When I awoke sometime in the middle of the night, sprawled out on the couch, I was alone. He had snuck out on me again. Probably best. But my heart didn’t agree and that worried me.

 

 

 

Chapter 19

 

“I saw Emma last night,” Travis confessed.

He showed up on my doorstep Saturday, soaked to the bone, looking lost. It had started pouring buckets and buckets of rain early in the morning, pelting the roof in a rain dance. I had every light on in the house and it still didn’t chase away the gloominess. What a cruddy day. Thunder rumbled the old wooden floorboards, lightening cracked, casting bursts of light through the windows. It was so dark and depressing outside you would never know it was late afternoon. My mom had just left for her shift when Travis knocked on the door. He was the only Winters who didn’t just let themselves in.

“Funny, so did I,” I replied wryly.

He gave me a dull look. Apparently this was a serious conversation, and I was being my normally flippant self. “I thought if I could talk to her…” He stood up from the couch and started pacing, restlessness vibrating off him. Locks of dark blonde hair were plastered against his face and he was leaking puddles all over my mom’s floor.

My heart went out to Travis. It was impossible not to notice how much he had changed since Emma’s untimely appearance. The string of emotions that crossed his face daily was a yoyo of hope, confusion, determination, and anguish.

I hugged my knees, just listening to him struggle. What could I really say to ease the jumble of emotions he was feeling?

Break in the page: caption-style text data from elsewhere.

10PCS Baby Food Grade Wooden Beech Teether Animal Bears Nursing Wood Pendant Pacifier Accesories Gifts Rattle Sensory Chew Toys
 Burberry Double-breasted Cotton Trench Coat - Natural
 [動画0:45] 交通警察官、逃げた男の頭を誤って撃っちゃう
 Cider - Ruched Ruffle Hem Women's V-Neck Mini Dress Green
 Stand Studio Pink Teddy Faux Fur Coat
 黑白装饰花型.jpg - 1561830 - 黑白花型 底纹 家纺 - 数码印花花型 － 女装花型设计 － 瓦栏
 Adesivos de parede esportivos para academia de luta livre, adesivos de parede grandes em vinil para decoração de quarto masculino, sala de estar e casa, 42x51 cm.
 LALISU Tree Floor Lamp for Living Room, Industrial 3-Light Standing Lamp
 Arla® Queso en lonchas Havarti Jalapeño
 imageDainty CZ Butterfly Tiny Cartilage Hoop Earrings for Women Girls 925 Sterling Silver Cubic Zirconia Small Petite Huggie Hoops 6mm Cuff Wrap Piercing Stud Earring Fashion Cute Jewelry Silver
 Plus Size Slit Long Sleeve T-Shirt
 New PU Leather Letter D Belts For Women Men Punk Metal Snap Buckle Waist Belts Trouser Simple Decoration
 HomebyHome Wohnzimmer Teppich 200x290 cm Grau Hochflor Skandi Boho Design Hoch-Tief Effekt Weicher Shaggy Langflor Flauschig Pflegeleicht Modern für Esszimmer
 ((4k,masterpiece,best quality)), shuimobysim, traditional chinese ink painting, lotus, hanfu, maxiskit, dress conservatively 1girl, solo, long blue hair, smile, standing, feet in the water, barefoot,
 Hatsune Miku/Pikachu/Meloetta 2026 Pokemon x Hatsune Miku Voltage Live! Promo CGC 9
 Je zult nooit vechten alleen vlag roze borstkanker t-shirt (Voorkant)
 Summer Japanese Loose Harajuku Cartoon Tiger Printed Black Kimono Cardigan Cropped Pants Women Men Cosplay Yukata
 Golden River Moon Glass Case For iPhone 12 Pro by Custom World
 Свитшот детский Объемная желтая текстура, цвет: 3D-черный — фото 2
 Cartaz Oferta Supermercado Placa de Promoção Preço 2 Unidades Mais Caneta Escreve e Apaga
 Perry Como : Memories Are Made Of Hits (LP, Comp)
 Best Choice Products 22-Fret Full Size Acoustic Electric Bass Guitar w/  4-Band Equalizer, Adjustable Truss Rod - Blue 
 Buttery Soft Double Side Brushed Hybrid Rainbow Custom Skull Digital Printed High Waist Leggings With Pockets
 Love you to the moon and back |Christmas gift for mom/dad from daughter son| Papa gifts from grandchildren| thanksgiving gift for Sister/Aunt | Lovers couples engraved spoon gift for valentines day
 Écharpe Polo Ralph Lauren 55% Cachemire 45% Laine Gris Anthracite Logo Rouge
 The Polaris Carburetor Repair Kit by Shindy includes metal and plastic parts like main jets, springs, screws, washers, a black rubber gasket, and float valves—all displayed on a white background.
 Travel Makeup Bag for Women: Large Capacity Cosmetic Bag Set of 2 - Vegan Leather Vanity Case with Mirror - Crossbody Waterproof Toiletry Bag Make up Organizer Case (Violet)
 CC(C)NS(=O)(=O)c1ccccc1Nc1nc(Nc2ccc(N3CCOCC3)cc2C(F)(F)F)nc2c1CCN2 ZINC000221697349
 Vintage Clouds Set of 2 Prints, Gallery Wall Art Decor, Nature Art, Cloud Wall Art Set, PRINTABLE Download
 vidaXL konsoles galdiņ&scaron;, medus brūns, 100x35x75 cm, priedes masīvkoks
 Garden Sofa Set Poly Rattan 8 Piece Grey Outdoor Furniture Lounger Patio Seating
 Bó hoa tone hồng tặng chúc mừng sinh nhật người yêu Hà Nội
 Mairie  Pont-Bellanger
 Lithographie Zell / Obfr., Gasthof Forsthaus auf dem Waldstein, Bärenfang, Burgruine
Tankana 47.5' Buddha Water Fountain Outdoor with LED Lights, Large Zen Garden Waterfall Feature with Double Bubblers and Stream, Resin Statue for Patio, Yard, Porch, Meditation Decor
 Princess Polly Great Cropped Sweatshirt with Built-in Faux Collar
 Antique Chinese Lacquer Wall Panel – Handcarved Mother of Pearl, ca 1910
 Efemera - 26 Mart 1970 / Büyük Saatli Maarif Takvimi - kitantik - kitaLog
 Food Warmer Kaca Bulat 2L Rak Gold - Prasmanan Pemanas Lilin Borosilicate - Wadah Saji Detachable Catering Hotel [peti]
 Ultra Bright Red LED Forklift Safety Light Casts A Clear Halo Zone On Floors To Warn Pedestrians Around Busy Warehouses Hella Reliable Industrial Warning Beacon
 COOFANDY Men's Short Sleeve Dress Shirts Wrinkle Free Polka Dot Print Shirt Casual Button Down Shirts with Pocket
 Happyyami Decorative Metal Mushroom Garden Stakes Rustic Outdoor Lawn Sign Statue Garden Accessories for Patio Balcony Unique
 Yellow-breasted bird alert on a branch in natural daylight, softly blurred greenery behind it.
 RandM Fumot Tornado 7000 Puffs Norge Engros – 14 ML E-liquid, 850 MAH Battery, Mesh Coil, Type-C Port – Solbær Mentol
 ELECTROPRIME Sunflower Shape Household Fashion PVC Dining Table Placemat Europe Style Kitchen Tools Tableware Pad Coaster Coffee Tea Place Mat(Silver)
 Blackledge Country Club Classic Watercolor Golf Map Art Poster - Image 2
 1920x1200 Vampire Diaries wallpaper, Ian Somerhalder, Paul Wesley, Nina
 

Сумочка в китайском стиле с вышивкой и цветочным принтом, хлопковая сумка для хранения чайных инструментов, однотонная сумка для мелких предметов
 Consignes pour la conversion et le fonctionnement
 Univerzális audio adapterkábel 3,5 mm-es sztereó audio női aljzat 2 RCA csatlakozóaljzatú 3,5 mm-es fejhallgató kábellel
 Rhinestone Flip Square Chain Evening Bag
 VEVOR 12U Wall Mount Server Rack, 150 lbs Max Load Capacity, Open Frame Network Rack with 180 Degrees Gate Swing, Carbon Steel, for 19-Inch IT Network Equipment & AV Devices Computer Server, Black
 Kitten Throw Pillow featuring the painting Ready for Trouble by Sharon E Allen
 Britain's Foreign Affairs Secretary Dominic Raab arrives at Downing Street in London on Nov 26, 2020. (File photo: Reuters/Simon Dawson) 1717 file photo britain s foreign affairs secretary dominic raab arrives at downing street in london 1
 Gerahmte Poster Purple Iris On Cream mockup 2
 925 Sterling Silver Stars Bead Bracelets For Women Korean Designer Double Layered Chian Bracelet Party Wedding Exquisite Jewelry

“There are moments when I break through that thick barrier and see the girl I loved behind it,” he continued. “But it’s just glimpses. Nearly as quick, she puts that tough girl chip back in place and I don’t recognize her. How do I break through? Really break through to her?”

A bolt of lightning crackled across the sky. “I don’t know her, not like you.”

“I used to think I knew her better than anyone, better than myself. But now…I’m not sure of anything except that I can’t give up on her.”

Of course not. Travis was not that kind of guy. Well, apparently before Emma he was
that
kind of guy and much worse, or so the stories go. “I don’t really have any profound words of wisdom that will magically turn her back. I’m not a wizard.” And I royally sucked at trying to cheer him up. It boggled my mind why he trusted me. “Neither of you is the same anymore. I think you both need to somehow rediscover each other.”